• **WHAT IS REQUIRED**:
Starting from the line with "Debussy: Pelléas et" and going up to and including the line with "Masachapa FC", copy the listing below exactly. Leave all images out.
━━━━
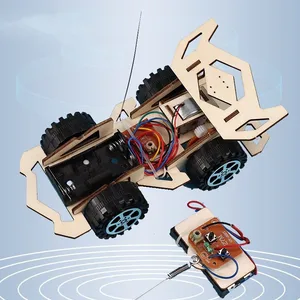 أفضل 12 منتجا مبتكرا مبيعا - رقم 8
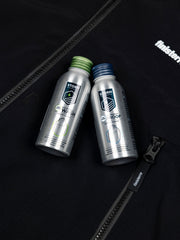 Men/Women Storm Apparel Wash & Proof Pack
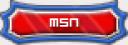 msn.gif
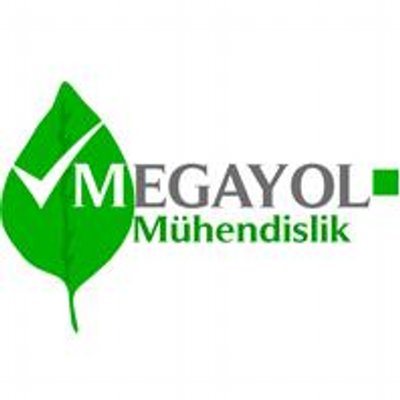 Megayol Mühendislik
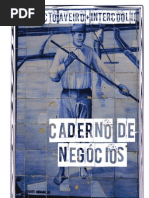 Criação de Negócio_ACIDI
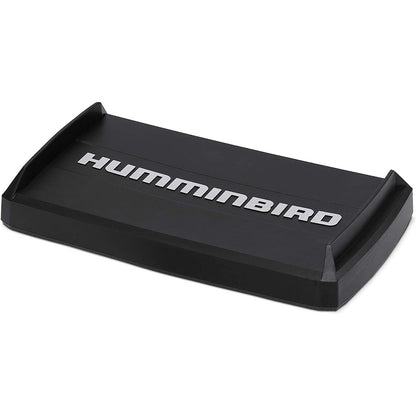 Humminbird UC H89 Unit Cover HELIX 8/9 G3N Models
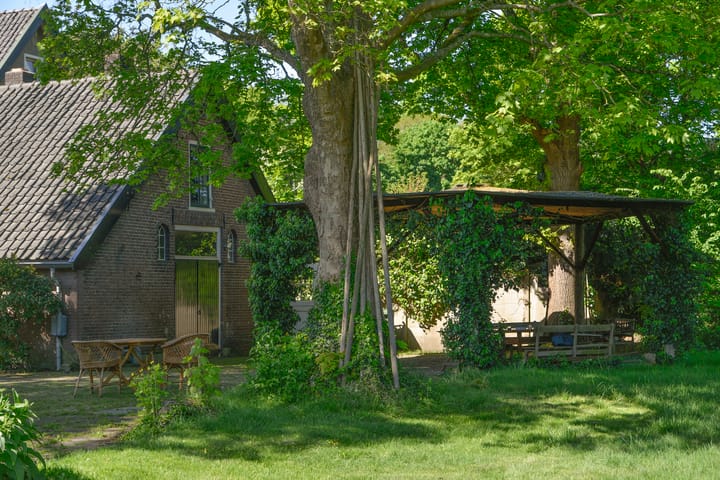 Foto 33 van Eemnesserweg 70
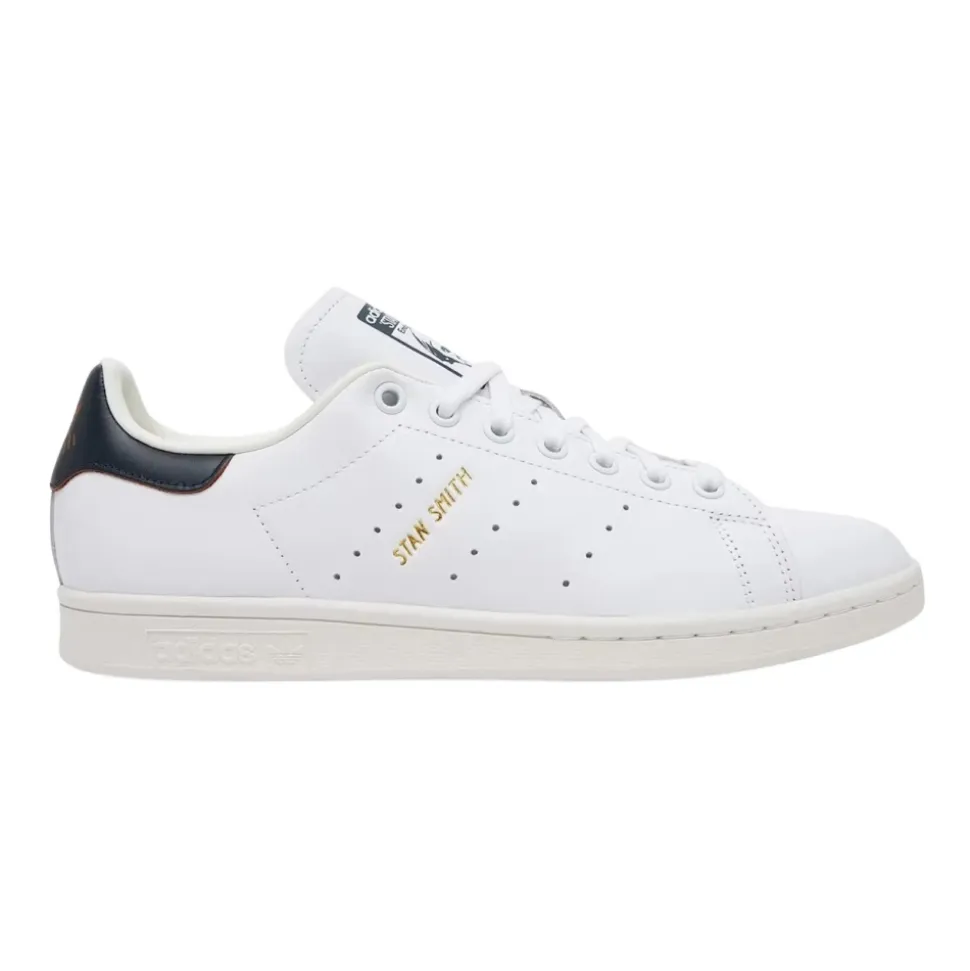 Stan Smith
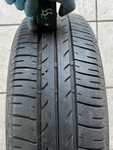 Bridgestone EP25 ECOPIA 185/65 R15 88T
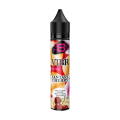 Aroma ToB Vibr Fantasy Cherry 10+10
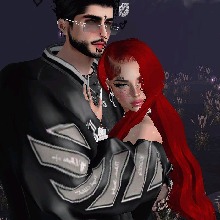 Guest_Conor42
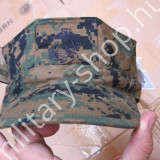katonai gyakorló sapka kalap booney marpat desert woodland acu ucp dcu dpm ddpm flactarn booney sapka cap katonai bolt üzlet army shop army store military shop store in budapest katonai bolt budapest katonai gyakorló sapka kalap booney marpat desert woodland acu ucp dcu dpm ddpm flactarn booney sapka cap katonai bolt üzlet army shop army store military shop store in budapest katonai bolt budapest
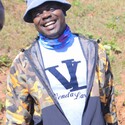 DeeKaylow From Thohoyandou, Limpopo
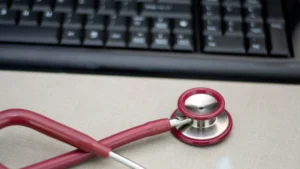 Vaccine Schedule Change 2026 and Pediatric Billing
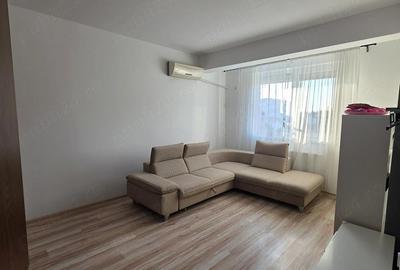 Apartament cu 3 camere decomandat în Central - 5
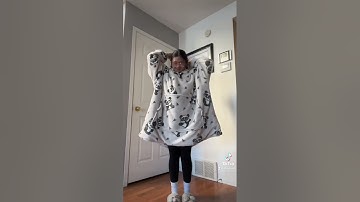 MARK1130 YouTube Assignment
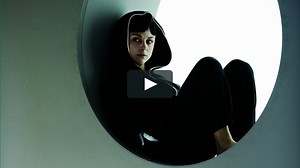 Debussy: Pelléas et Mélisande (Opernhaus Zürich)
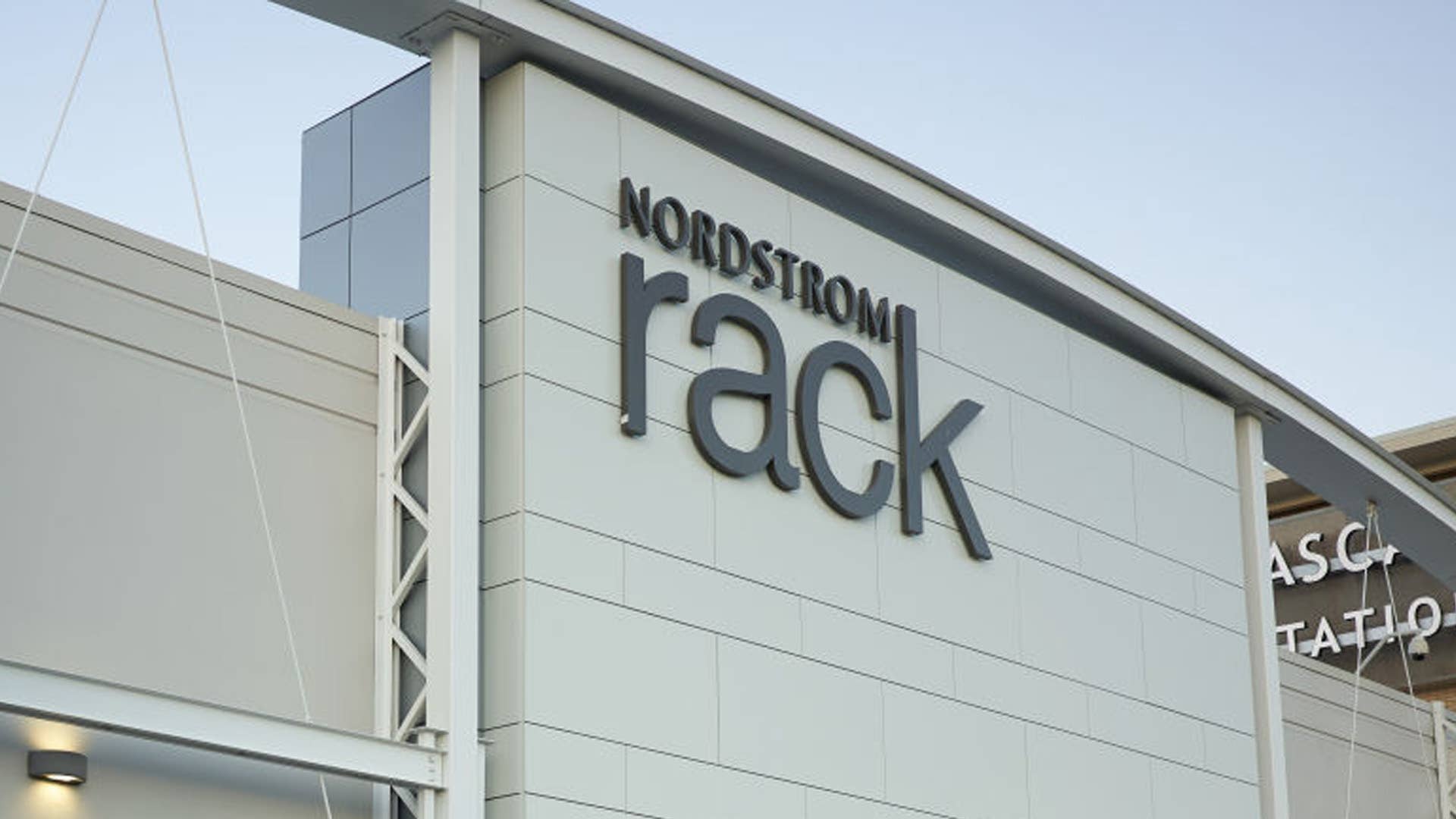 Nordstrom Rack is selling a $160 Fossil watch for $70 - TheStreet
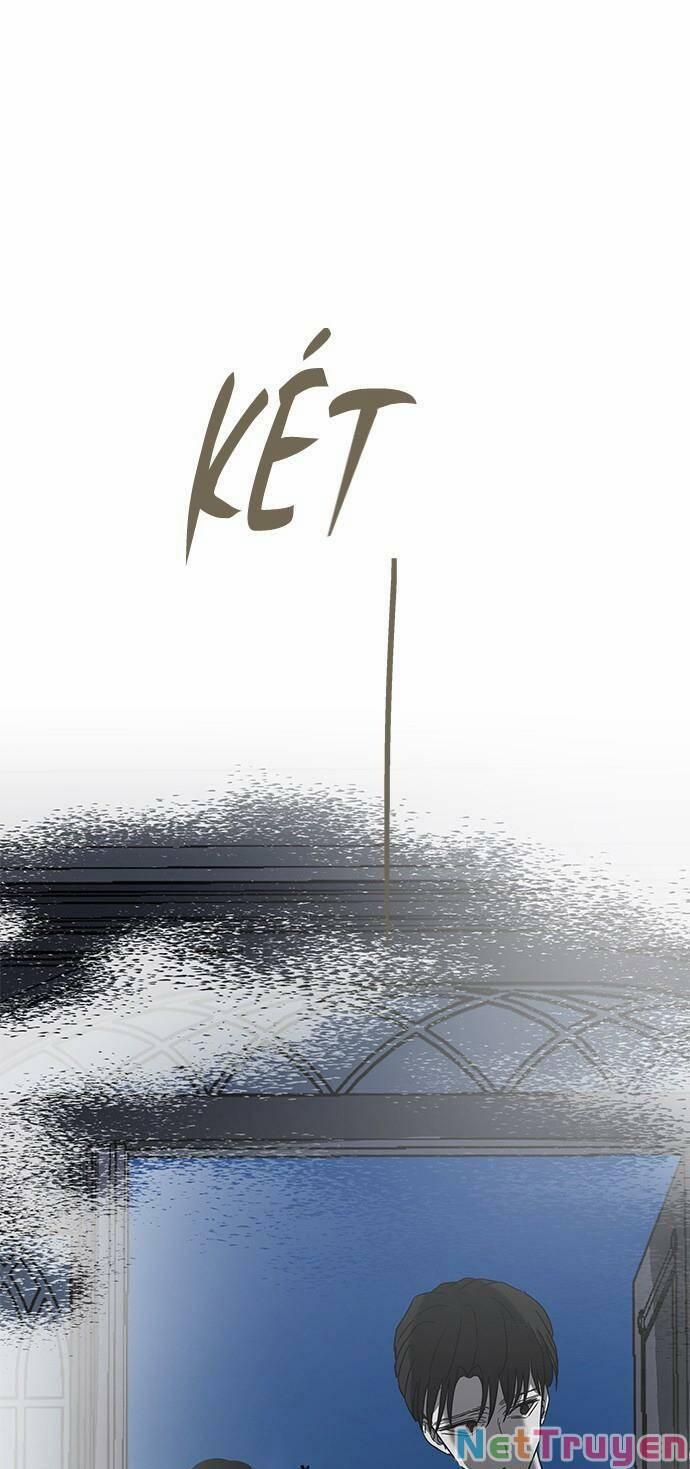 Cạm Bẫy 55 trang 80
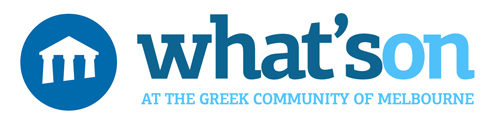logo_whatson_500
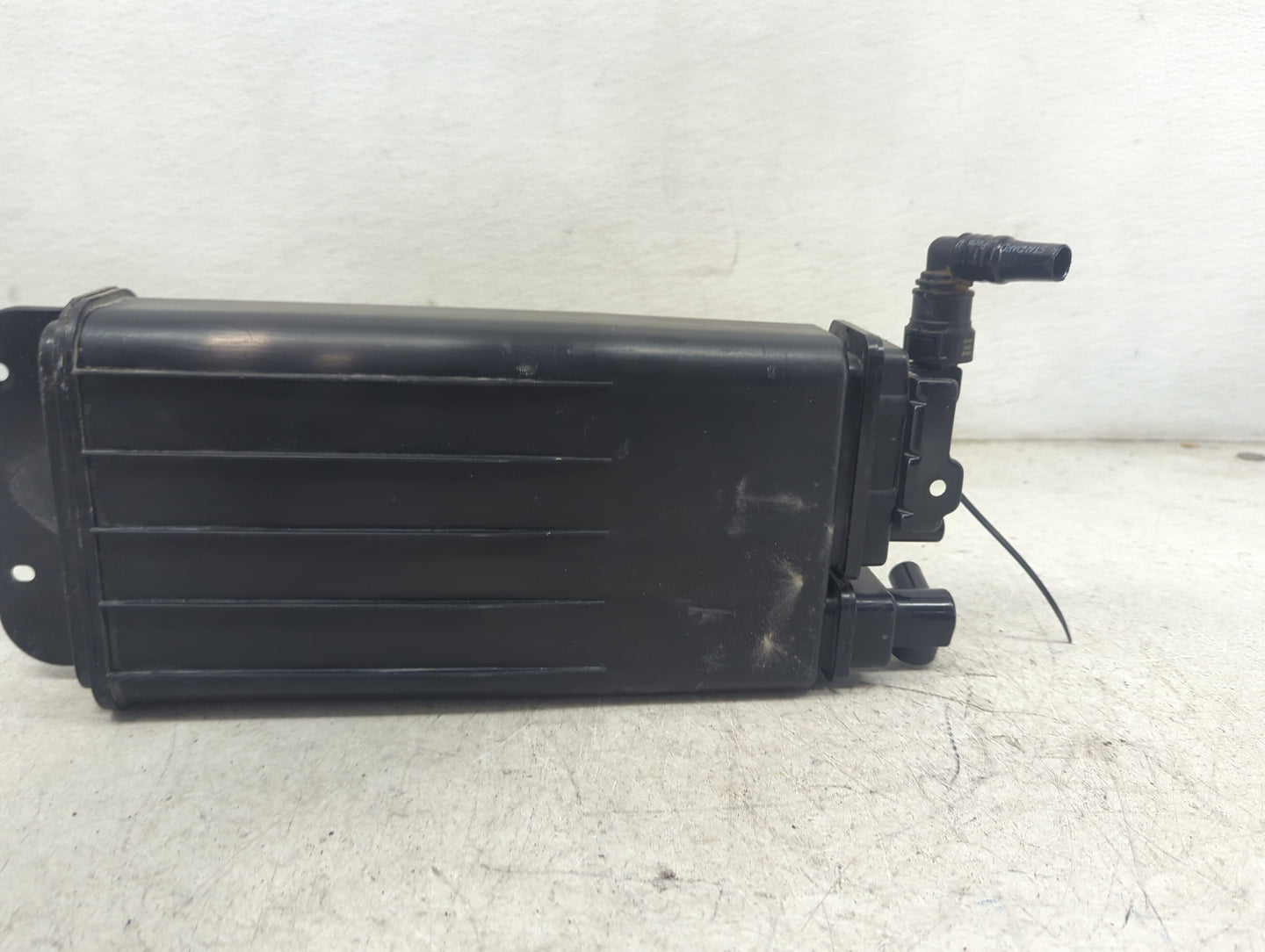 2018 Hyundai Tucson Fuel Vapor Charcoal Canister - Oemusedautoparts1.com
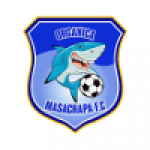 Masachapa FC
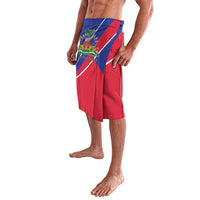 Haitian Flag Day 18 May Lavalava Jounen Drapo Ayisyen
━━━━
• **ANSWER TO THIS TASK**:
 Debussy: Pelléas et Mélisande (Opernhaus Zürich)
 Nordstrom Rack is selling a $160 Fossil watch for $70 - TheStreet
 Cạm Bẫy 55 trang 80
logo_whatson_500
 2018 Hyundai Tucson Fuel Vapor Charcoal Canister - Oemusedautoparts1.com
 Masachapa FC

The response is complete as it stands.